One of the difficulties in understanding the large-scale consequences associated with climate change is, quite simply, seeing what is happening. Curtis Woodcock, a geographer associated with the Center for Energy and Environmental Studies and the Center for Remote Sensing, has approached the problem by using satellite imagery and GIS (Geographic Information Systems) data to examine and forecast the impacts of land-use changes on the carbon cycle.
After more than 25 years in the field, Woodcock says that improved satellite imagery and more powerful computer technology have allowed researchers to study larger areas more efficiently and accurately. He credits the designers of the original Landsat imaging technology for building a system that has provided scientists with an invaluable record of images, documenting changes on the Earth’s surface for more than 30 years.
Woodcock focuses on understanding how changes in a particular piece of land alter the way carbon “flows” through that ecosystem. “If you watch the way the world is changing, reforestation is occurring in some places, like New England,” says Woodcock, “while at the same time deforestation is happening in the tropics.” With each change made by man—the planting of a field of corn or construction of a parking lot—comes a change in the carbon dynamics of that piece of land. Individually, these alterations may or may not be significant. But when such changes are looked at cumulatively, on a regional or global scale, they may have a pronounced impact on ecosystems and climate patterns.
His current work is focused on the area surrounding the Black Sea in Georgia, Ukraine, Bulgaria, Romania, and Turkey. His work is made more challenging by the influence of human development in the area. In the former Soviet-bloc state of Romania, for example, Woodcock has observed the impact of social upheaval on the landscape. Using a series of NASA’s Landsat satellite images that begin before the collapse of the Soviet Union, Woodcock has observed large, single-crop communes carved up into smaller individually controlled plots. The change in land utilization means a change in the way that carbon flows in and out of the ecosystem. “The fall of communism marked a drastic change in the land use and carbon dynamics of the region,” says Woodcock.

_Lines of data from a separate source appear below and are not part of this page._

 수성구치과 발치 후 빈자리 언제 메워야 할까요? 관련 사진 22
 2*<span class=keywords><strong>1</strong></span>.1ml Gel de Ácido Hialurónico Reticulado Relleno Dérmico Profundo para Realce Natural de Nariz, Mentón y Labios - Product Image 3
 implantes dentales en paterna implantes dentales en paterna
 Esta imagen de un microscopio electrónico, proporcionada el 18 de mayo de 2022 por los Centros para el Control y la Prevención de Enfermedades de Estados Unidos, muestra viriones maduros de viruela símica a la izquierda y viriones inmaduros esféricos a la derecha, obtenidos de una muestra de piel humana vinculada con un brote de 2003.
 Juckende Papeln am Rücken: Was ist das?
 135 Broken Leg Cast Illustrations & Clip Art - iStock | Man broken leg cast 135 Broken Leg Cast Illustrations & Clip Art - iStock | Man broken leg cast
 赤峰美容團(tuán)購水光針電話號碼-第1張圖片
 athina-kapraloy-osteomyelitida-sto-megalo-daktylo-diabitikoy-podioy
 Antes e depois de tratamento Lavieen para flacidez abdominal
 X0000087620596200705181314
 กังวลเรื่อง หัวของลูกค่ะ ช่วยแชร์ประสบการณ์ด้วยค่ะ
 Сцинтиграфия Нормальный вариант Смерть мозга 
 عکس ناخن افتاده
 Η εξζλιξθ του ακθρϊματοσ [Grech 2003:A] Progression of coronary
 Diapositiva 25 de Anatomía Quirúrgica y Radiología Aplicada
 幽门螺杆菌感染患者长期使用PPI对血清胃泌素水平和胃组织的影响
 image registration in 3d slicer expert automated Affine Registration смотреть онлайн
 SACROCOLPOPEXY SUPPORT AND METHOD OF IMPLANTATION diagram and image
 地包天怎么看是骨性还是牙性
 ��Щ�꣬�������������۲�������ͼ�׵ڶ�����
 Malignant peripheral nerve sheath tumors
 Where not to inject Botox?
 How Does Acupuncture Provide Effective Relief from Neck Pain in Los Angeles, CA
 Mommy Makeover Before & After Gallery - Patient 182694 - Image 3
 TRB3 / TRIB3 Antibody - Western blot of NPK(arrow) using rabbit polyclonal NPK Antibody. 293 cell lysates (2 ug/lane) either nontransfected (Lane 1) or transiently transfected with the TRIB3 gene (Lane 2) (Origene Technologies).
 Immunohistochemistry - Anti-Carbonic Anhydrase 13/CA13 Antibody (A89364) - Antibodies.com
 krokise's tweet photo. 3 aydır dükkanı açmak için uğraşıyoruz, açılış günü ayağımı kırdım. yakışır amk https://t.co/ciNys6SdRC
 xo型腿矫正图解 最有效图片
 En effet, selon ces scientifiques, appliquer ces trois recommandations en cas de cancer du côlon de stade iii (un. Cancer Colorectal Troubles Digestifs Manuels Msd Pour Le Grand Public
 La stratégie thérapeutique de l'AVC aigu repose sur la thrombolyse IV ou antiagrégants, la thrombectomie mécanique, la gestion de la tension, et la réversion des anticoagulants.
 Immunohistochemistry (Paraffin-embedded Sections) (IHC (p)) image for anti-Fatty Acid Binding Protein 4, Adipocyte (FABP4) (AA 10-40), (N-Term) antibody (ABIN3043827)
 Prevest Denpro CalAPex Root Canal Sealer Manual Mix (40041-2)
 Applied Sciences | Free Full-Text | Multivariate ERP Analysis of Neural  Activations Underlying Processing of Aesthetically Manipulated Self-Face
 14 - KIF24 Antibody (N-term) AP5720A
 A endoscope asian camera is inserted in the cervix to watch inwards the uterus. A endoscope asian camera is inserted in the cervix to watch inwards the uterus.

Even as research is moving ahead, there are uncertainties about the global carbon cycle, a complex series of processes in which carbon circulates between the Earth and its atmosphere. Plants, both terrestrial and aquatic, absorb carbon dioxide (CO2) from the atmosphere and through photosynthesis incorporate, or sequester, carbon atoms into their biomass. Fossil fuels, produced millennia ago by natural processes that put organic material under enormous pressure, contain large quantities of sequestered carbon. As they breathe, or respire, both plants and animals release CO2, returning a small portion of their carbon to the atmosphere, but most of the carbon stored as biomass is released only when it decomposes or burns. The different places where carbon is accumulating—the soil, vegetation, and fossil fuels—are called carbon sinks.
Current models of atmospheric concentrations of CO2, for instance, cannot balance the incoming and outgoing CO2, as input exceeds output. According to Woodcock, finding this “missing sink” is a common goal among carbon cycle researchers. Of the approximately 7.5 gigatons of CO2 added to the atmosphere each year through tropical deforestation and the burning of fossil fuels, the fate of nearly 2 gigatons remains uncertain. There are competing theories as to where the carbon is going. Some say it is dissolved in the rivers of the Amazon; some say it is absorbed in the boreal forests and tundra of the northern latitudes.
One thing that carbon cycle scientists do agree on is that the continued unchecked burning of fossil fuels, and the freeing of the carbon in the estimated 4,000 gigatons of fossil fuel remaining, have the potential to cause even more catastrophic shifts in global climate.
Like much climate research today, Woodcock’s work has major policy implications. However, he dismisses the idea that climate science has been politicized. “Anyone who works in the field is serious about their work. Politics does not influence our research or our conclusions,” he says. Woodcock also says that his work has ramifications beyond the sphere of climate change. “The study of land use tells us much about the overall health of our planet, about human impact on biodiversity and on natural systems across the planet.” To these ends, he works with Global Observation of Forest and Land Cover Dynamics, or GOFC-GOLD, an international organization working to improve the land-use data available to land managers and researchers.